Partager un si petit espace de vie crée inévitablement de l’intimité et de la complicité entre nous. Plus les semaines passent, plus mémé s’ouvre et même s’adoucit un peu, sa carapace se fendille. En apprenant à la connaître, je réalise que son caractère acariâtre n’est que la résultante de tout ce qu’elle a enduré dans sa vie. A deux ans à peine, elle accompagnait sa mère qui travaillait dans les rizières. Un peu plus grande, sa famille l’envoyait dans les maisons du voisinage pour faire la charité et quémander des restes de nourriture. Enfant, elle avait donc connu l’extrême pauvreté. Jeune fille, elle avait renoncé au grand amour de sa vie, un jeune homme bien trop pauvre pour lui promettre un avenir confortable et sûr. Elle a ensuite fait un mariage de raison avec un maçon, avec qui elle a émigré en France et qui a pu lui offrir une maison et une vie décente. Mais les frustrations accumulées l’avaient endurcie et mémé les faisait payer à tout le monde.
« Elle a vécu plus d’aventures que durant toute sa vie »
Après un premier voyage d’un mois et demi, nous sommes rentrés. Mais elle a exigé de repartir « subito« , la patience n’étant pas son fort. A partir de là, elle n’a plus voulu vivre ailleurs que dans « sa maison roulante » ! Alors nous avons repris la route, cette fois-ci pour l’Espagne et pour plusieurs mois. Là-bas, Mémé a vécu de multiples aventures, plus sans doute que durant toute sa vie : elle a fêté ses 102 ans dans le parc naturel du Cabo de Gata, trempé ses pieds dans des sources d’eau chaude, chanté pour accompagner des musiciens de rue, assisté à son premier concert, s’est approchée au plus près des mines d’or de Rodalquilar, a progressé sur les chemins de Saint-Jacques-de-Compostelle – pas toujours très facilement praticables en fauteuil roulant ! – faisant tamponner fièrement son Crédential à chaque étape.

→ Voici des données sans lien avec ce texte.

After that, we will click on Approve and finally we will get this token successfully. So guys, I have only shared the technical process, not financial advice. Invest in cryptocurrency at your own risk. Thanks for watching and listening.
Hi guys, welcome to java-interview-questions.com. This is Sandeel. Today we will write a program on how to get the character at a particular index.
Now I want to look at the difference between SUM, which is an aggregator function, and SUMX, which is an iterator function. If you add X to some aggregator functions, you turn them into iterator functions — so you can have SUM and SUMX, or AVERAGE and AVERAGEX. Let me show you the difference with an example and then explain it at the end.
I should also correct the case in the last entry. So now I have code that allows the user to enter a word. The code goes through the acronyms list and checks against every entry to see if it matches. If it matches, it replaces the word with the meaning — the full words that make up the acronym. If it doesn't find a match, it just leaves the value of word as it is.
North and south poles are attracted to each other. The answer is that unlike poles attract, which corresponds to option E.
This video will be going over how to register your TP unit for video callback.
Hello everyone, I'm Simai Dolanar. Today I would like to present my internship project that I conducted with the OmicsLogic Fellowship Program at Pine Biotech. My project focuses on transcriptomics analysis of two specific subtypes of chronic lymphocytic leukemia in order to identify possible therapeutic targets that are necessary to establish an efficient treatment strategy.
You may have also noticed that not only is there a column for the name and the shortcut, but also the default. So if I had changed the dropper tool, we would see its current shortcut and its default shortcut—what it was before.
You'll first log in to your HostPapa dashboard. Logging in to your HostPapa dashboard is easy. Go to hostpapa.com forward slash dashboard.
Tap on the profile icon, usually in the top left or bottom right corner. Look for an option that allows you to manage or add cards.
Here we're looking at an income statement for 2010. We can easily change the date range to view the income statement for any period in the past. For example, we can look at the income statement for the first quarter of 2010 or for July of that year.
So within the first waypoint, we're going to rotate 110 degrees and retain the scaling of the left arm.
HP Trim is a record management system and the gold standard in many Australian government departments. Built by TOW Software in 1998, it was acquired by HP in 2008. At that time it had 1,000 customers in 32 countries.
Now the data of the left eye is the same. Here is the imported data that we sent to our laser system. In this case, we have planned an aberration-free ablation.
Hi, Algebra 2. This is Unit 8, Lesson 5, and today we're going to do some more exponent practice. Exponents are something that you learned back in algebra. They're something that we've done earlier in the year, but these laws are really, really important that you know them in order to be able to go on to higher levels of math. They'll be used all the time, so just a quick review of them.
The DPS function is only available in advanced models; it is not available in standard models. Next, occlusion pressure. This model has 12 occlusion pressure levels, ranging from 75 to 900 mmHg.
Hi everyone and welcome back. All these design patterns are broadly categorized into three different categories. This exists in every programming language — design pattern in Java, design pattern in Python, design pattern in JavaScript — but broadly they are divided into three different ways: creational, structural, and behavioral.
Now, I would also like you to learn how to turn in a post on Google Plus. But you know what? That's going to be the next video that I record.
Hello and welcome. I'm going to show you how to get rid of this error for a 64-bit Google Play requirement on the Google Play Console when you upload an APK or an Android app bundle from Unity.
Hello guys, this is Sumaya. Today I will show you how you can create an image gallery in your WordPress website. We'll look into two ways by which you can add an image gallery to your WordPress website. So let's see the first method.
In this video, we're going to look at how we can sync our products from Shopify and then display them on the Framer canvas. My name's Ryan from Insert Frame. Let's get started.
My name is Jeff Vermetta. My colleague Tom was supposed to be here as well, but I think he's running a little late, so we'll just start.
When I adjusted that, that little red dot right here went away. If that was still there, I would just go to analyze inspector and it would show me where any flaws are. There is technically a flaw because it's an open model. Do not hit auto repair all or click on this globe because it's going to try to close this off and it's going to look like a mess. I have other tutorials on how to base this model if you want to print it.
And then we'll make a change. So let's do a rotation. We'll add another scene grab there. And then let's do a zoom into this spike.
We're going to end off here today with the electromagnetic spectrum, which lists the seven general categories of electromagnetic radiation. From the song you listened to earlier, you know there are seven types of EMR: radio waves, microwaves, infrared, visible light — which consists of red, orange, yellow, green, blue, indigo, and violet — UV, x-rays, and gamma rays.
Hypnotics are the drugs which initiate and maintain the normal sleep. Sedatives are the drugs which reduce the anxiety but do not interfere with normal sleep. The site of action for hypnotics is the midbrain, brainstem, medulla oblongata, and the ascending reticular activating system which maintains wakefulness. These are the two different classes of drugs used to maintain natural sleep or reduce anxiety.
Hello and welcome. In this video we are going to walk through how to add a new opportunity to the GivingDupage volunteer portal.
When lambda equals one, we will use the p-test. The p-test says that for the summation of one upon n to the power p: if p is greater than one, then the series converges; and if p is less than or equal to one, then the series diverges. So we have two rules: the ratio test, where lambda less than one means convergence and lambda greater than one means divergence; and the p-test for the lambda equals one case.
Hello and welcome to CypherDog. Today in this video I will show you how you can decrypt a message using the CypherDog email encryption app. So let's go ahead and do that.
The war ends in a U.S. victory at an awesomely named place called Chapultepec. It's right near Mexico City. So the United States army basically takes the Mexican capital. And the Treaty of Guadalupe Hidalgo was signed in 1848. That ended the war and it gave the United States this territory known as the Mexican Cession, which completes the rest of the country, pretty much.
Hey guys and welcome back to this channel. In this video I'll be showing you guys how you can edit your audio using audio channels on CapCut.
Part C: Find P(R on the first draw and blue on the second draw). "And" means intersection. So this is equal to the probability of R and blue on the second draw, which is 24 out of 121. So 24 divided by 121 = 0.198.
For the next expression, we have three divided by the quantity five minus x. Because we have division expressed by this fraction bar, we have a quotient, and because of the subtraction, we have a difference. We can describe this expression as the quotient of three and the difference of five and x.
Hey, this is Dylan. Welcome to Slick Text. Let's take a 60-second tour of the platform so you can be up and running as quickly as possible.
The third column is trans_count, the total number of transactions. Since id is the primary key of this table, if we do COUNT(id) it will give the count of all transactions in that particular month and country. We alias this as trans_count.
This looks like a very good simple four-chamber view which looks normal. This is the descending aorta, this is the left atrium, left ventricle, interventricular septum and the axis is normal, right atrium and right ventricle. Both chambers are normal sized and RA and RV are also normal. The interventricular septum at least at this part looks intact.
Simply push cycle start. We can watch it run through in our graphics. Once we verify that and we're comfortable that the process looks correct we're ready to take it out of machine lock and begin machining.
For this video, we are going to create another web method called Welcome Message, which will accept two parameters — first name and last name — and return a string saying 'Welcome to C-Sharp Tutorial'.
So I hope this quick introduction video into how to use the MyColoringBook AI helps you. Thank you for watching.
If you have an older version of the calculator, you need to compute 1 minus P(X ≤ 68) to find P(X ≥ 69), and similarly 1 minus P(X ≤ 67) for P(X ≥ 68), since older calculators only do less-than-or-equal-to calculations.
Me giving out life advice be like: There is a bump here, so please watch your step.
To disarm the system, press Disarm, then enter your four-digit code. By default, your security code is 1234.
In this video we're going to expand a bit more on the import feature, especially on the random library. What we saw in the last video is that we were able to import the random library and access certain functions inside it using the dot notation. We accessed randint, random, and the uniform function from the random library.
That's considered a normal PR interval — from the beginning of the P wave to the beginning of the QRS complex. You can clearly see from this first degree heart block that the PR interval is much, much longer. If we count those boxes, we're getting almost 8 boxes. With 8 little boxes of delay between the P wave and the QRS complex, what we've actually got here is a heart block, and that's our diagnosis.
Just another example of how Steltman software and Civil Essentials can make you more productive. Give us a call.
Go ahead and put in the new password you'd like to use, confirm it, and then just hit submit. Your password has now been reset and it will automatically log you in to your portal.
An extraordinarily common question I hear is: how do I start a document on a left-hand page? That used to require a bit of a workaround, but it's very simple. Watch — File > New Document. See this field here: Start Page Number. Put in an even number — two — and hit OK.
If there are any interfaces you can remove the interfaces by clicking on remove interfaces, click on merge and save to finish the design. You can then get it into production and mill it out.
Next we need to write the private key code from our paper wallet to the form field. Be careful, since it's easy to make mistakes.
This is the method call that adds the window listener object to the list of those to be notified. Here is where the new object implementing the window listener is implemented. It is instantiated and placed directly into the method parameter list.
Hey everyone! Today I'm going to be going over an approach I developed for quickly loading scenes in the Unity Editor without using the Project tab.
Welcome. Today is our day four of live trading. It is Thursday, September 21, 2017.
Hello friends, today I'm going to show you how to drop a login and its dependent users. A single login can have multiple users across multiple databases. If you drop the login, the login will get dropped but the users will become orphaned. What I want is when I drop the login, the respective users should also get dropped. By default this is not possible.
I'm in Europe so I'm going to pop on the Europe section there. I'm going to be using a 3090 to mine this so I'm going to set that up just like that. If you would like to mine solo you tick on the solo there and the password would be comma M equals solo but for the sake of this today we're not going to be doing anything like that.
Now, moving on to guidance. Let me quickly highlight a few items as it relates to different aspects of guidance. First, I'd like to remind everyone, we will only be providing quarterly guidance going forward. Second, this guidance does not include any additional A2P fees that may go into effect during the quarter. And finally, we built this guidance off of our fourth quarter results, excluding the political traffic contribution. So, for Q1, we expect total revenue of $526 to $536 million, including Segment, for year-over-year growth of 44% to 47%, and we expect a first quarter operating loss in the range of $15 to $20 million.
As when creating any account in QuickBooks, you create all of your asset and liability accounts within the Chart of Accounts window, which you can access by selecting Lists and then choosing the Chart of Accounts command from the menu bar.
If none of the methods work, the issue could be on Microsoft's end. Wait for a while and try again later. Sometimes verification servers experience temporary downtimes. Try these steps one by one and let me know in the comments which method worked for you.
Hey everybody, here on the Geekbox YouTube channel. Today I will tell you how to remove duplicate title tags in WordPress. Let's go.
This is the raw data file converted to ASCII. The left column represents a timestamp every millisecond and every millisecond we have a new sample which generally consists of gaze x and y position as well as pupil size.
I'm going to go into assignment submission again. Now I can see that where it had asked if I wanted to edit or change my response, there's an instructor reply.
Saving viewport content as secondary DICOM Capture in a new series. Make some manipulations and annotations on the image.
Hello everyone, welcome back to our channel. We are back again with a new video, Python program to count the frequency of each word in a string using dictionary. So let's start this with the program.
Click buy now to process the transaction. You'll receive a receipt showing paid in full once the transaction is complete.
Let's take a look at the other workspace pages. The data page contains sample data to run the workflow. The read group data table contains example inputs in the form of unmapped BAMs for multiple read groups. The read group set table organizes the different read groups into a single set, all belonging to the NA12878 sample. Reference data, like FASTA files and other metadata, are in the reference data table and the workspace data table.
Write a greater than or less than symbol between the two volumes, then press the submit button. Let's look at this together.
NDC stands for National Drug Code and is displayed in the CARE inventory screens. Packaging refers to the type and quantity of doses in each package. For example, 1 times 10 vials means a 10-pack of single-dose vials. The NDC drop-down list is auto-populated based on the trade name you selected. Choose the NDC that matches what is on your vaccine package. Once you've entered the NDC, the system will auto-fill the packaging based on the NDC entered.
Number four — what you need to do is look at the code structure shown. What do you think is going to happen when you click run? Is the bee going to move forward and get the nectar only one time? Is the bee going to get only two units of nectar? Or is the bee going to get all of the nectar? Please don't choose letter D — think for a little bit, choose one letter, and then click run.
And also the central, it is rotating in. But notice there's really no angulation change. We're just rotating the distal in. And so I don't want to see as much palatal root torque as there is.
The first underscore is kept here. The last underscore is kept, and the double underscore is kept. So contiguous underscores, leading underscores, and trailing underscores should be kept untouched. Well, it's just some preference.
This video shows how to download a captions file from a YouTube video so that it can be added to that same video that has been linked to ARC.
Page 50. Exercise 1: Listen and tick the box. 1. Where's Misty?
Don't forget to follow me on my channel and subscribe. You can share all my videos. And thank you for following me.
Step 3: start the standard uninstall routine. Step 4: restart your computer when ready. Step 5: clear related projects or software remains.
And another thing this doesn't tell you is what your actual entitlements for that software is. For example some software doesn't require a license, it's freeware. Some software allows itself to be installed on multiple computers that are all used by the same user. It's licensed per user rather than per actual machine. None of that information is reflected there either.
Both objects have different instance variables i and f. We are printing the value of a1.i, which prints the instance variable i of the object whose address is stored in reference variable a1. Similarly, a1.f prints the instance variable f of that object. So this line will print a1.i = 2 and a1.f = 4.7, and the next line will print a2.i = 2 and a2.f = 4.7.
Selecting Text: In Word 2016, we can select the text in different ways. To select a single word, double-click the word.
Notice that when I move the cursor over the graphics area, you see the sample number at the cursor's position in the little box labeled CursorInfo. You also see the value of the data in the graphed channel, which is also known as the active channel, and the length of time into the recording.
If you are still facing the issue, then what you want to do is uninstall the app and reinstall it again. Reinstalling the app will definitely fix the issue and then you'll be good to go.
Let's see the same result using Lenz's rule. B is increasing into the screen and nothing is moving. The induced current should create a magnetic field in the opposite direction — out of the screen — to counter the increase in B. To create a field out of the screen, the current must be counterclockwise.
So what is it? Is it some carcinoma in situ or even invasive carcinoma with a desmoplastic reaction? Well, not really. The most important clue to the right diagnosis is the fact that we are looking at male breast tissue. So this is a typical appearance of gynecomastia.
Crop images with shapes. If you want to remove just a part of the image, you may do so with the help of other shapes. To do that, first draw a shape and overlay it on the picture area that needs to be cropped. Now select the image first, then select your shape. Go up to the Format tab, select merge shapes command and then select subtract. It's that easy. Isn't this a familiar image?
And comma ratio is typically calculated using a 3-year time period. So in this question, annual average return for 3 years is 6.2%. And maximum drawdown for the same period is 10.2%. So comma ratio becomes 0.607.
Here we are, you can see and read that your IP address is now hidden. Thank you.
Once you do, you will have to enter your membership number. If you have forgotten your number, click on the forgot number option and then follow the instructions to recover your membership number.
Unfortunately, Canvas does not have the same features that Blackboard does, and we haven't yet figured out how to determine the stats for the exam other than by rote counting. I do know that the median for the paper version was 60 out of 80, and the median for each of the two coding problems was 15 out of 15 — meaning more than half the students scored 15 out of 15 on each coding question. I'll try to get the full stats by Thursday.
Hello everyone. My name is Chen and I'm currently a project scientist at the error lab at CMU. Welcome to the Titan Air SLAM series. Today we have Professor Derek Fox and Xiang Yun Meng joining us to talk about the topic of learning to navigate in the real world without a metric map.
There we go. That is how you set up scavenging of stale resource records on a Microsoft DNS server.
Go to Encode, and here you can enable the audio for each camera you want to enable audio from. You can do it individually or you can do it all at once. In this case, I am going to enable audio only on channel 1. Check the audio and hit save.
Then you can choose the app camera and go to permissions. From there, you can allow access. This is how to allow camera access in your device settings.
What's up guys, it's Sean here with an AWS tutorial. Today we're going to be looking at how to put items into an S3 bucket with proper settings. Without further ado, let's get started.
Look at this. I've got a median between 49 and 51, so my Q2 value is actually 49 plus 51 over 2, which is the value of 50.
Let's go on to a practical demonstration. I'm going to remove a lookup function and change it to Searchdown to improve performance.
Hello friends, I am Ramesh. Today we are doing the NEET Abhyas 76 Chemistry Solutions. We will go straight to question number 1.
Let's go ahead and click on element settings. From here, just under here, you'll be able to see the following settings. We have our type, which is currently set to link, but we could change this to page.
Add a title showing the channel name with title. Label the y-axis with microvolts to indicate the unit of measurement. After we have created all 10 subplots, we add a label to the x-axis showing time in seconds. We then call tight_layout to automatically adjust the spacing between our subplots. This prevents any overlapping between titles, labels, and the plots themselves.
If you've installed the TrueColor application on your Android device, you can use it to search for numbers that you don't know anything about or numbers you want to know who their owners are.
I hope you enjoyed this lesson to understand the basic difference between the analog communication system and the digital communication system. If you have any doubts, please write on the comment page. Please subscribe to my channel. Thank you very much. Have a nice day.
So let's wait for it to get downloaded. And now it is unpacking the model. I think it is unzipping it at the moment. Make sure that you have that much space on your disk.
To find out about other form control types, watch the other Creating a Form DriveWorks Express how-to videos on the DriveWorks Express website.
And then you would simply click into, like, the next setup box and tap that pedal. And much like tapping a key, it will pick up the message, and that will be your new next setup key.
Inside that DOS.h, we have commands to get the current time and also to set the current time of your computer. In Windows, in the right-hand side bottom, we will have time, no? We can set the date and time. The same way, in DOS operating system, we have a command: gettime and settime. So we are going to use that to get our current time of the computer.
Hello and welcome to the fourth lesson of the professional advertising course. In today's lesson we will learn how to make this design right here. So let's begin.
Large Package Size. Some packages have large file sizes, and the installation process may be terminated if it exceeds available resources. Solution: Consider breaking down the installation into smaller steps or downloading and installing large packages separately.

« Elle est partie avec un sourire radieux »
En mars 2020, la pandémie nous a pris par surprise. Nous nous sommes retrouvés confinés sur une aire de camping-car, près du village espagnol de Bellus, avec d’autres naufragés de la route. J’ai essayé tant bien que mal de protéger mémé des informations anxiogènes sur ce virus qui l’inquiétait beaucoup, il lui rappelait la grippe espagnole si meurtrière de son enfance. Très vite, ma mémé centenaire est devenue la mascotte de notre camp ! Des journalistes sont même venus faire des articles sur elle. Nous avons été autorisés à repartir en mai, bien décidés à poursuivre notre périple. Mais en juin, ma vaillante mémé a donné des signes de faiblesse. Le Samu l’a transportée à l’hôpital où elle est décédée. Elle est partie avec un sourire radieux illuminant son visage. A cet instant, je me suis dit que je n’avais pas remué ciel et terre pour rien ! Depuis, j’ai tenu les promesses que je lui avais faites : j’ai poursuivi le voyage toute seule jusqu’à son village natal au nord de l’Italie. J’y ai retrouvé trois de ses amies d’enfance, de 100, 98 et 95 ans. Et surtout, j’ai relaté notre périple dans un livre qui j’espère sera un formidable message d’espoir. Pour que la vieillesse cesse enfin d’être considérée comme une déchéance et plutôt comme un moment de vie où tout est encore possible ».